• [Exercise goal] When the line containing "NORA A Little" appears in the data below, begin copying there and stop only after the line containing "Černé prodloužené bavlněné".
═══ Records supplied
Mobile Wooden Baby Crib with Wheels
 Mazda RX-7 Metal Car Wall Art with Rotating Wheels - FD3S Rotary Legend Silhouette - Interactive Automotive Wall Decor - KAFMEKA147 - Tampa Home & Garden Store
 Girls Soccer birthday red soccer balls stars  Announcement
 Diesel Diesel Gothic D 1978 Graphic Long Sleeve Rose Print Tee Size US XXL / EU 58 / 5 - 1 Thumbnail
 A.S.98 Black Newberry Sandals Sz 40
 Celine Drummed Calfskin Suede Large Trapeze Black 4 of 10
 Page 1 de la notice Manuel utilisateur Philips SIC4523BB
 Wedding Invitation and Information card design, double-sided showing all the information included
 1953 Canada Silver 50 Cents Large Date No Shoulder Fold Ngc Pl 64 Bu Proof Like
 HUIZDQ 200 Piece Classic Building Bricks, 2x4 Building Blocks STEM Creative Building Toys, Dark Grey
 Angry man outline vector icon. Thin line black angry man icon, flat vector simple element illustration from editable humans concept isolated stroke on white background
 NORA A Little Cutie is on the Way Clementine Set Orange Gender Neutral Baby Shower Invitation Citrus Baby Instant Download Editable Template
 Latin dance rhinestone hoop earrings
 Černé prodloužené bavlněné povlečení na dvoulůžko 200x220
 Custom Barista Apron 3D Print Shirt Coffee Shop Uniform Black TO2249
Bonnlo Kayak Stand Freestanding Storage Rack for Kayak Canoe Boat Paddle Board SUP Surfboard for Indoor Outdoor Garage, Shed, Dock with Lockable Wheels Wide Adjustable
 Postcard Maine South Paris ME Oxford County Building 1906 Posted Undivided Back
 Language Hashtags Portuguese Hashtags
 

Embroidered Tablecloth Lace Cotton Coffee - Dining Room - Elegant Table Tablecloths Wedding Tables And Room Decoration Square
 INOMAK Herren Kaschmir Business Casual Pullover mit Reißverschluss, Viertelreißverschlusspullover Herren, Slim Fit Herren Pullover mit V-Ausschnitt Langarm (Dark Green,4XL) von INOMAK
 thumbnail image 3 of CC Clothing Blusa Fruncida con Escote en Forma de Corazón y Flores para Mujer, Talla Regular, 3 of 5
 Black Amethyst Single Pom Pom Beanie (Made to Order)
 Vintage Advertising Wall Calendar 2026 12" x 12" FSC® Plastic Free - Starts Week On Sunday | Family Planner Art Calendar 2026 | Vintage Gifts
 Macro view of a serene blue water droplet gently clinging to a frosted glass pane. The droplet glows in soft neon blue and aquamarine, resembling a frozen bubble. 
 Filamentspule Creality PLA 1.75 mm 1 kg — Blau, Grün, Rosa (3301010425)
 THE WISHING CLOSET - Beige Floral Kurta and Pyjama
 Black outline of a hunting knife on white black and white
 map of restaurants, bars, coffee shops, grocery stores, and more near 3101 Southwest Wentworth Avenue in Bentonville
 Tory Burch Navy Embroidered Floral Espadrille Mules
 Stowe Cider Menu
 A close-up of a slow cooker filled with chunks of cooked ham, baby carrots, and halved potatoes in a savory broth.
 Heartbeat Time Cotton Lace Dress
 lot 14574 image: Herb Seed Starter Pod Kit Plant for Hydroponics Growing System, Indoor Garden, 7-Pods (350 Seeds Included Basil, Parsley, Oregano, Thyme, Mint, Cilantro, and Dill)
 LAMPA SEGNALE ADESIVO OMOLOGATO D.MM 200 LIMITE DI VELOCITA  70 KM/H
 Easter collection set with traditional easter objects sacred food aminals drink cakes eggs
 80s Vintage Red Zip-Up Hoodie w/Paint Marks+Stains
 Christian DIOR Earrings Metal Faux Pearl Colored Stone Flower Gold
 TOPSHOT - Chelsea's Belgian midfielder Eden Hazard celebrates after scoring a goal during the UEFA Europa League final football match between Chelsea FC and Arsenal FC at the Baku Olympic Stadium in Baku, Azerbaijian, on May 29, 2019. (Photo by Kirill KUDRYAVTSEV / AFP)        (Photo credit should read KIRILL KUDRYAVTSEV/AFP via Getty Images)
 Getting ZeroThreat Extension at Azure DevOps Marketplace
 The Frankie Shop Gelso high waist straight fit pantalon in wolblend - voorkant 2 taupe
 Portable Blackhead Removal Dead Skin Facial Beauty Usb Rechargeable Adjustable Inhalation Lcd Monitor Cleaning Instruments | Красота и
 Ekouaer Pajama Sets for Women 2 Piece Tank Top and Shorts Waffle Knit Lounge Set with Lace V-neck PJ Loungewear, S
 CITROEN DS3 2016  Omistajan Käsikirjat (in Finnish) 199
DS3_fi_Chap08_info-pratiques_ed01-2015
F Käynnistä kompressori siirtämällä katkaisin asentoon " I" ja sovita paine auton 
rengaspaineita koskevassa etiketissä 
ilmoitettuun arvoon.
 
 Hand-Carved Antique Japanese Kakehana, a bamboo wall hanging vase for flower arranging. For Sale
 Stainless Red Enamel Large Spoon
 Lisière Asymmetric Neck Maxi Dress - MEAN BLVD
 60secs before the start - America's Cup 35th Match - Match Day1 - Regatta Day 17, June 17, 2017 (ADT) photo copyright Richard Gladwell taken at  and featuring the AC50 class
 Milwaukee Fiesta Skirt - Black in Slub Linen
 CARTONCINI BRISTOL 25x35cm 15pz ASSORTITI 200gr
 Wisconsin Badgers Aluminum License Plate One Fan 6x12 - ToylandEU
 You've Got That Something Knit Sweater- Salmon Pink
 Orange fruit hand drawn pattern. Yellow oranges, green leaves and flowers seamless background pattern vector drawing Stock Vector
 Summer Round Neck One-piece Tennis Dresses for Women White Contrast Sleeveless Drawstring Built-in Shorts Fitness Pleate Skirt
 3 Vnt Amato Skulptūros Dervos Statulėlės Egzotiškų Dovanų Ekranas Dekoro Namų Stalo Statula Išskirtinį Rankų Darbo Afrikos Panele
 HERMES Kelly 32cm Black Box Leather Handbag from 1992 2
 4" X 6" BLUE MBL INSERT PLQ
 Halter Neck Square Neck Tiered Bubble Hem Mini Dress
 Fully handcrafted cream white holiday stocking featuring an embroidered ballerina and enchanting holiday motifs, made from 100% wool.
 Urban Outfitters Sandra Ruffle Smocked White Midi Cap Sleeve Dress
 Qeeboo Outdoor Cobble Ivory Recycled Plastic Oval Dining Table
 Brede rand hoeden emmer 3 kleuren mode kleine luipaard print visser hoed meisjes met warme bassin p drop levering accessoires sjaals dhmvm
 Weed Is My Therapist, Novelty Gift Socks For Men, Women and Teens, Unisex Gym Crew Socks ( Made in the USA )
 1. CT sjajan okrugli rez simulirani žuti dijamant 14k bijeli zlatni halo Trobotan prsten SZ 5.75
══════
• [Exercise result]
 NORA A Little Cutie is on the Way Clementine Set Orange Gender Neutral Baby Shower Invitation Citrus Baby Instant Download Editable Template
 Latin dance rhinestone hoop earrings
 Černé prodloužené bavlněné povlečení na dvoulůžko 200x220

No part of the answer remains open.